* **WORK TO COMPLETE**: Look through the entries below for the line with "Apple Angel Wings" and the line with "SAMURAI JAPANESE DAGGER", then give again exactly those two lines and all lines between them, minus the pictures.

* **RECORDS FOR THE EXERCISE**:
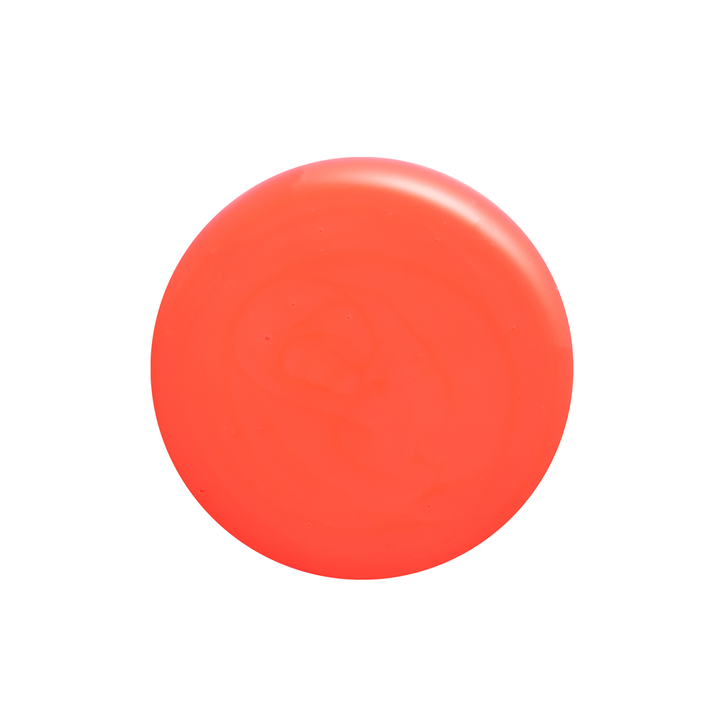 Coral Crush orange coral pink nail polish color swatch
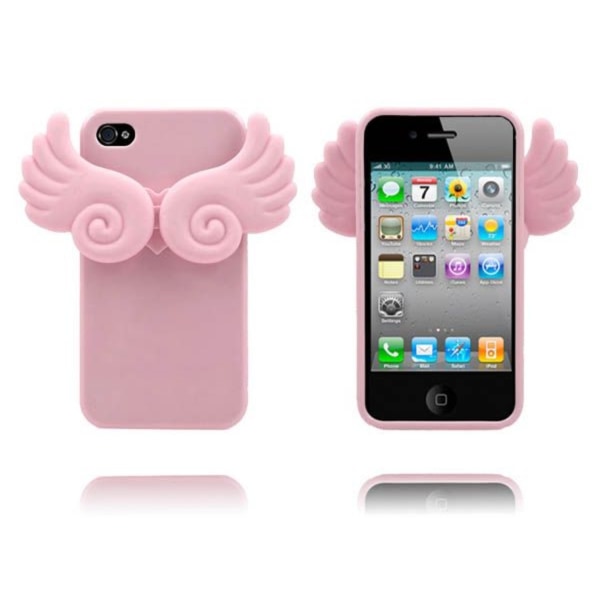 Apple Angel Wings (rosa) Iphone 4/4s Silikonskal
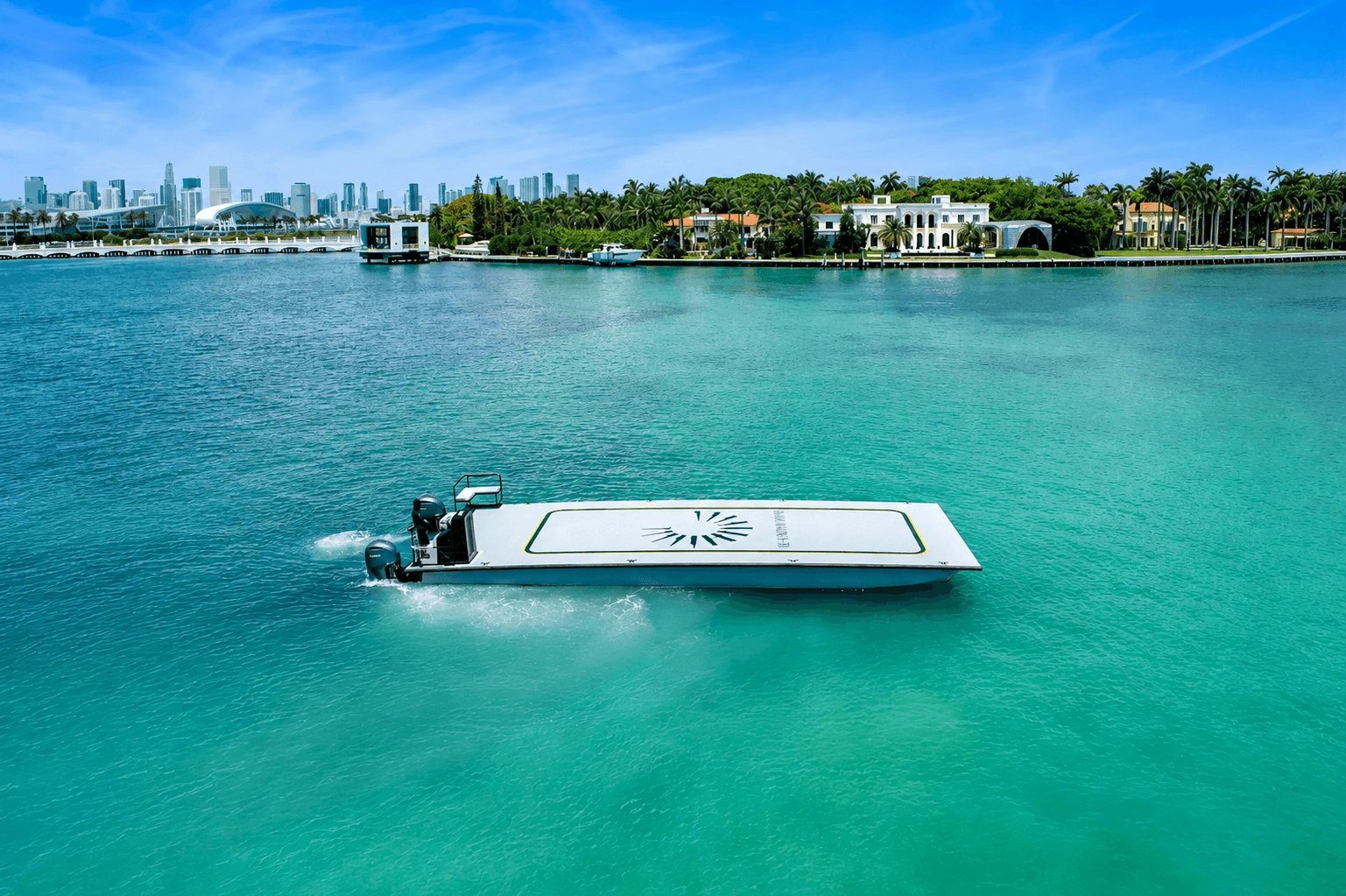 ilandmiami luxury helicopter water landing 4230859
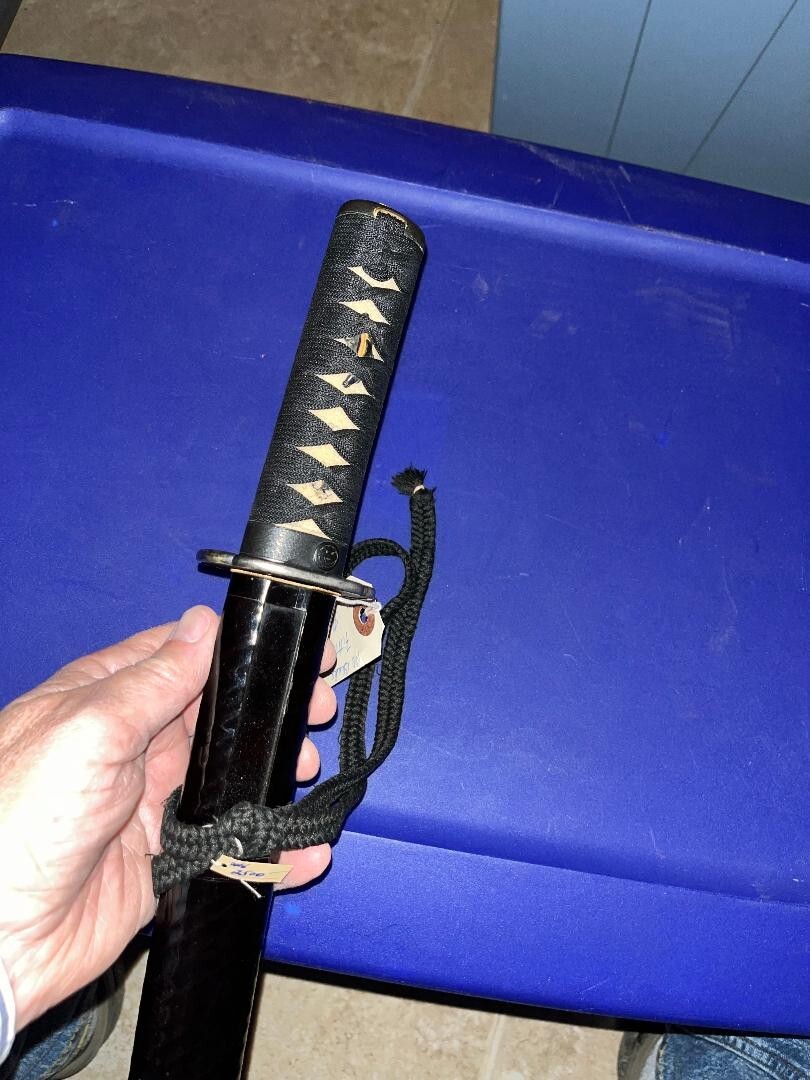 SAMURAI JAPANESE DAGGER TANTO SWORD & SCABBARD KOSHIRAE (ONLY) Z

==

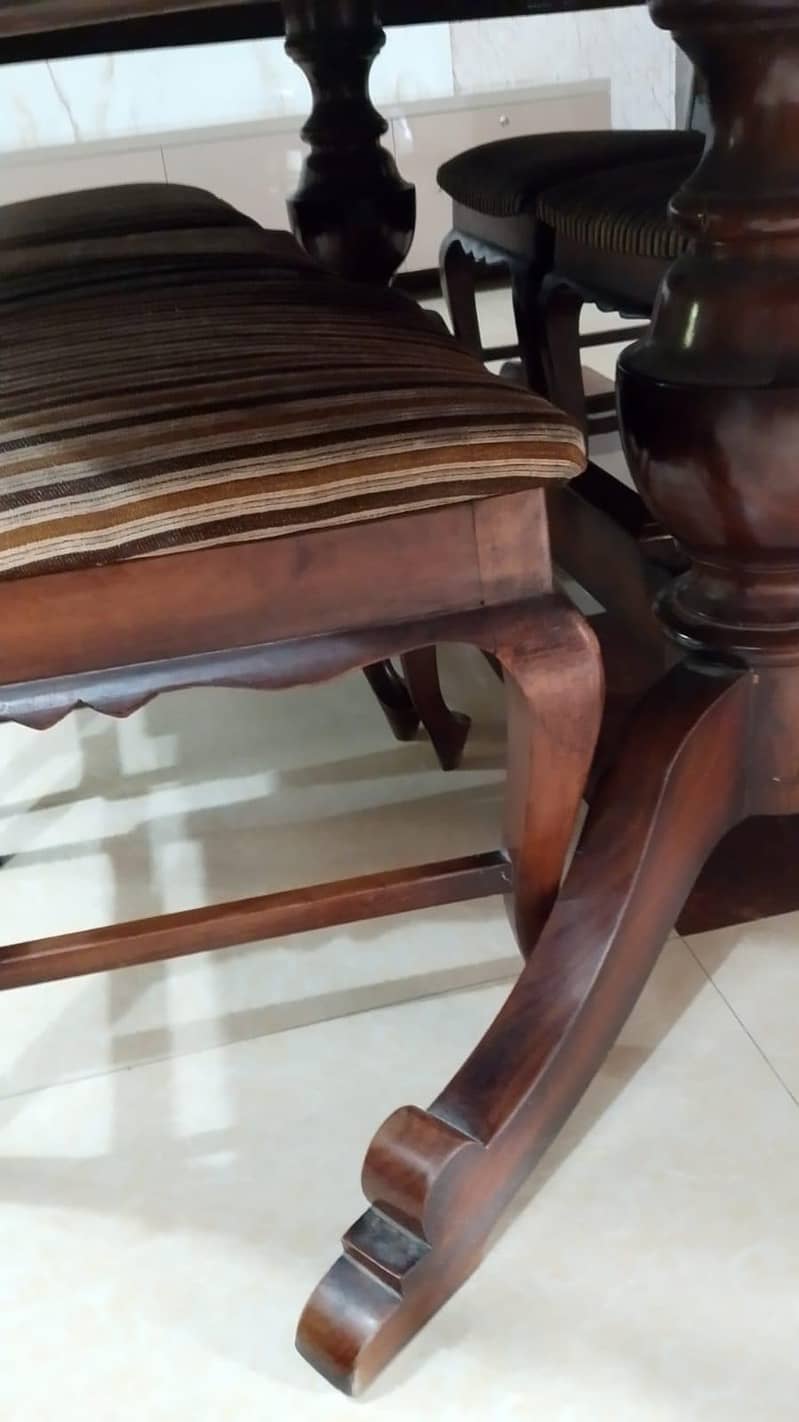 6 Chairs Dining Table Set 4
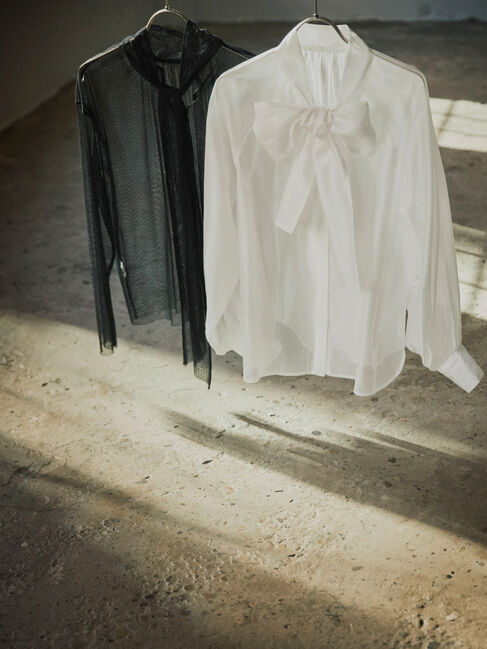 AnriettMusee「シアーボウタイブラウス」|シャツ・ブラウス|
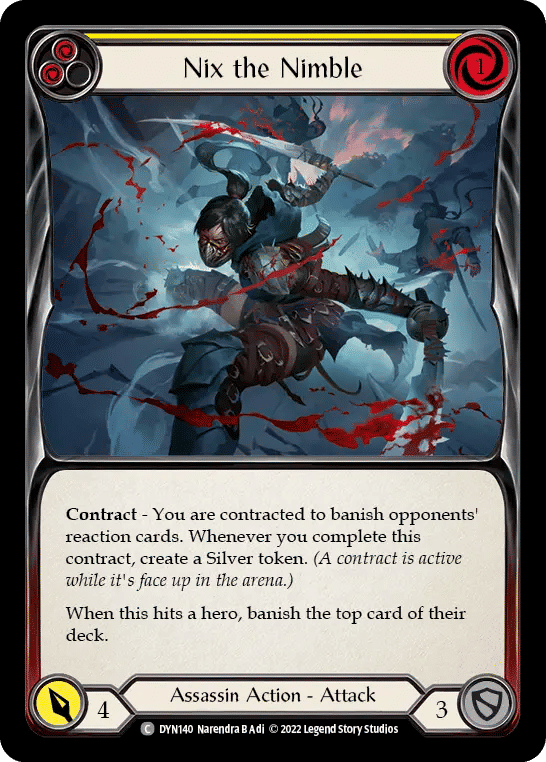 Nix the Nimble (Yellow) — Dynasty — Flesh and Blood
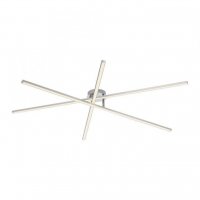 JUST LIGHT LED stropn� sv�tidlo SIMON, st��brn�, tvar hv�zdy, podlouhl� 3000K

* **OUTPUT BELOW**:
 Apple Angel Wings (rosa) Iphone 4/4s Silikonskal
 ilandmiami luxury helicopter water landing 4230859
 SAMURAI JAPANESE DAGGER TANTO SWORD & SCABBARD KOSHIRAE (ONLY) Z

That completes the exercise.